T-Test of difference = 0 (vs <): T-Value = -7.28 P-Value = 0.000 DF = 113 So it would seem that NinPow does give more favorable scores than other review sites, though this test is useless considering it ignores all other scores for the games. Conclusions:
Because this is an informal analysis, we can’t really glean any factual information. But we sure can speculate. Metacritic implies that most reviewers are doing what we would expect them to, praising the best and slamming the worst the DS has to offer. Nintendo Power, however, is a little goofy. They very well may be kinder to crappy games, and the fact that the first test showed a much less extreme distribution of scores compared to Metacritic implies they have some very unexpected scores. This is supported by the scores for Puzzle Quest and Yoshi’s Island, which are surprisingly lower than you might expect. Perhaps Nintendo allows for more honest scores for games they know will sell regardless.

Files –
Nin pow .csv
Nin pow .xls

Notify of

Inline Feedbacks
View all comments
16 years ago

Hmmmm… yeerrrrrsss… The wonderful world of numbers and how they influence our consumering opinions. My mind wanders off to an episode of Penn & Teller’s Bullshit (the numbers one)… Something about numbers never being wrong, just the fuckers that manipulate them!

The only purpose of putting a number on a game review is purely to influence and bedazzel the illiterate (or just plain fucking lazy, skim reading, gimmi-lotsa-sugar) market. Personally like to do away with all the little 9.5s in their pretentious, selfrightious little blue boxes and see more critical reviews that actually SAY something about what the reviewer has experienced.

Well its going to be very interesting to see how this mighty magazine shall fair under new management.

Well thats my useless little rant.

Keep up the FUNtastic work guys. You keep writing it, I’ll keep reading it!

16 years ago

Hav u sean mi bag ov shuger?

16 years ago

At the risk of falling into the just plain lazy market, I really like numbers, primarily because they enable aggregator sites like metacritic. (Whether the initial article assigns one, or metacritic comes along and does it later doesn’t matter as much, you still end up with a number) Before I buy a game, I’m definitely going to read a full review or two to get nuanced impressions, but I don’t want to waste that time on games that just plain suck.

Filtering out games which got consistently bad reviews requires a fixed standard for automated comparison, and those tend to come back down to numbers, or at least ordinal values.

16 years ago

At this point, I can live with numbering systems in reviews, opting to ignore them as much as possible. The reason they still continue to bug the hell out of me is far too often the review text does not seem to match up with the score given. You’ll see a 9 or a 10 for a game that has more flaws discussed than high points. This leads to reviewers defending themselves by saying things like “If you actually take a look at what I said, you’ll find that …” and so on.
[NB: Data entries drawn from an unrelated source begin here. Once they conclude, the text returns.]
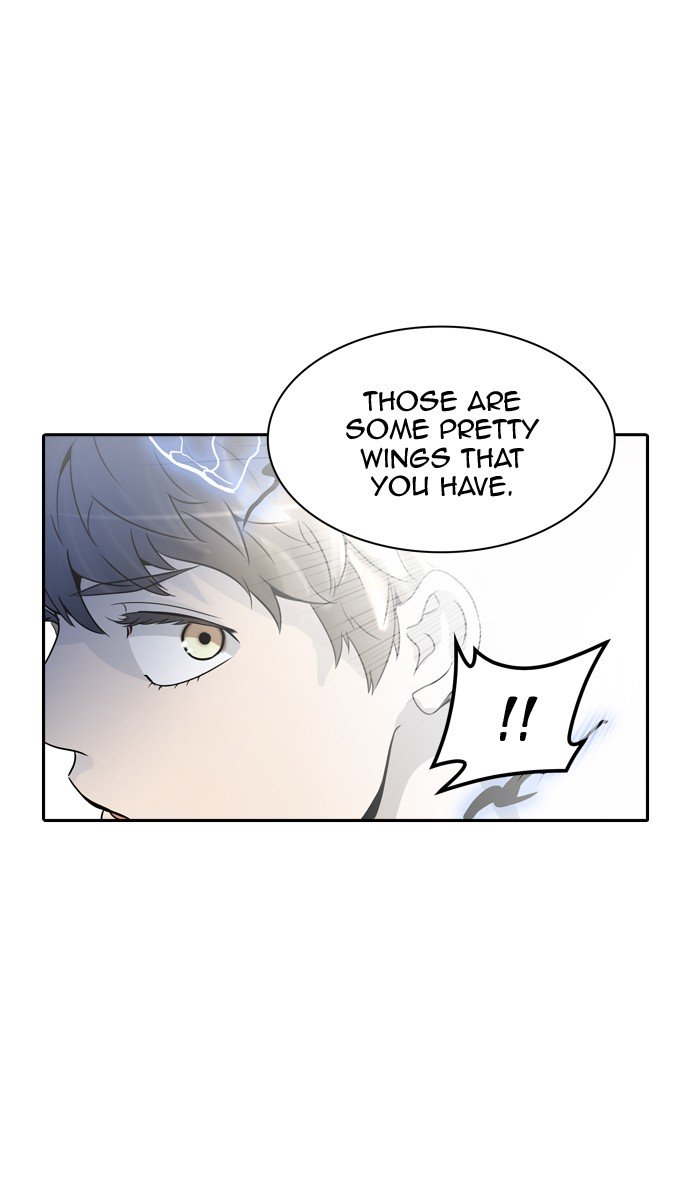 Page 54 of Chapter 383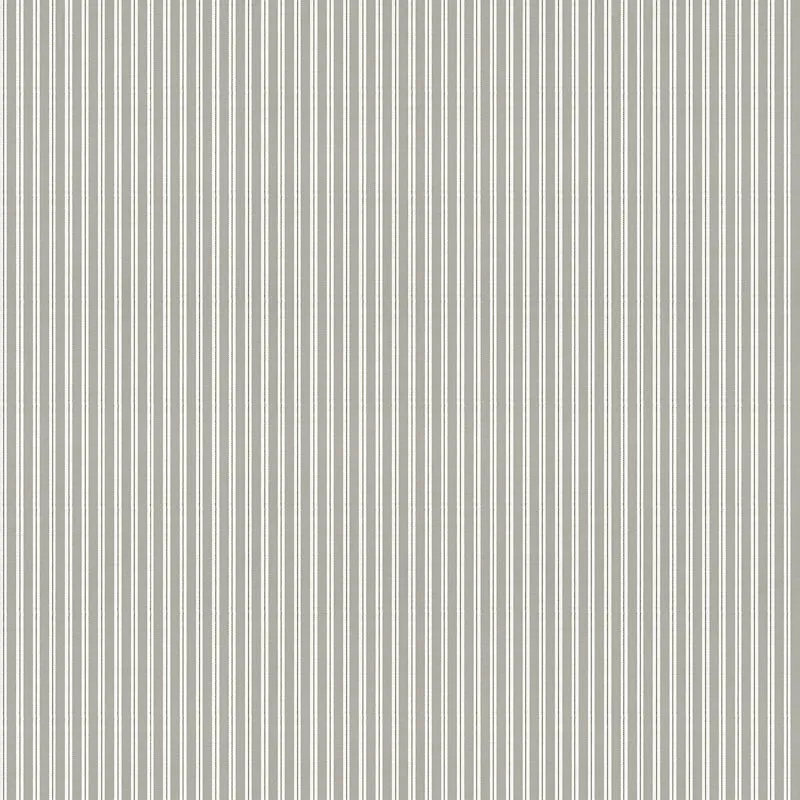 Stripe 0,7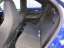 Toyota Aygo X 1.0 VVT-i Comfort Pulse VVT-i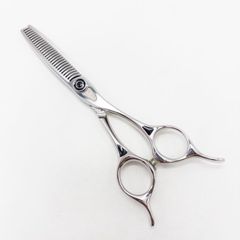 Item thumbnail for item 56c4ba34-353c-4195-8bf4-09270f3a83f2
Its usually a bullshit and contradictory defense. If your score is a 9 out of 10, that means its more favorable than not, and thus you would think the author would have more favorable than unfavorable things to say. I guess that the publishers only pay for the number, which is what I’m really starting to believe is the case.

16 years ago

I’m of the firm belief that numbers should not be used. I think the system we have now is flawed, and should not be used anymore. If I had a magazine or something, I would use this system: Buy it, rent it, buy it if you’re a fan, and stay away. I’m sure it needs some refinement, but the general idea is there. I’m way more forgiving when reviewing a game, and I believe most consumers should be like that as well.

16 years ago

I agree with Matt and think a nice merging of quick and accessible and not too stupid is a simple thumbs up/thumbs down rating. This way you can glance to see if the reviewer liked the game overall and then are forced to actually read if you want to know how good or bad something is and why.